Although, in form, HB 4029 lets members of the public complain about a particular withdrawal of property, in function, HB 4029 ensures that those complaints will not be heard, because whether a particular property is withdrawn from the city is entirely up to the property owner. As for the city — which is most affected by the application of HB 4029 — the law ensures that the city receives no safeguards at all.
The legislative choice here to give decision-making authority to interested landowners fails to provide sufficient assurance that the legislative acts of those landowners will be based on the withdrawal criteria in HB 4029, rather than the individual preferences of the interested landowners. Without such assurances, the delegation at issue here risks putting legislative policy-making in the hands of the interested landowners, even if the delegation of that authority were otherwise lawful, which, as we have explained above, 266 Or.App. at 448-51, 337 P.3d at 1036-37, it is not. Compare Corvallis Lodge, 67 Or.App. at 22, 677 P.2d 76 (rule held to be unlawful delegation where there were no safeguards on fact-finding function delegated to interested commercial businesses), with Medford Firefighters, 40 Or.App. at 525-26, 595 P.2d 1268 (statute held constitutional where disinterested arbitrator was bound to apply legislative factors and judicial review was available).

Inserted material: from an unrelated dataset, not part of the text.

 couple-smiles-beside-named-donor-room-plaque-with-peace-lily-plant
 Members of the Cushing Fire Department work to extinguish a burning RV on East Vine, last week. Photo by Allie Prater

The assurance that the legislative policy will govern the delegated decision-making must exist independently of judicial review. That is, there must be adequate assurance that the exercise of delegated authority will be properly exercised in the first instance. The judicial review that is afforded under HB 4029 cannot provide that assurance because it is not a required part of the decision-making process. Our dismissal of most of the petitions for judicial review for lack of standing amplifies those very delegation concerns. The withdrawals in those dismissed cases remain in effect solely because interested landowners filed statements with the city to withdraw their property, which the landowners could file without regard to whether their property met the legislative criteria for withdrawal. Because HB 4029 delegates legislative authority to interested landowners to fix the boundaries of the city without any safeguards to protect against arbitrary action, viz., action that is contrary to the legislative scheme, HB 4029 effects an unconstitutional delegation of legislative authority for that reason as well.
In sum, because the city petitioners lack standing under HB 4029, we dismiss the city petitioners' petitions in Brown, GDI and Patton. In accordance with that disposition, we also dismiss the 20 petitions held in
In A156922 and A156923, reversed on cross-petition; in A156920, A156921, A156922, A156923, A156963, A156964, A156982, A156983, A156984, A157037, A157042, A157043, A157044, A157045, A157046, A157047, A157130, A157166, A157167, A157345, A157455, A157456, A157457, petition dismissed.
Or. Laws 2014, ch. 75. HB 4029 has not yet been placed into the Oregon Revised Statutes, nor does the bill designate an ORS chapter, but it likely will be codified in ORS chapter 222. See 2014 Update to Volume 6 (Chapters 201-260) 2013 Oregon Revised Statutes, Table 2.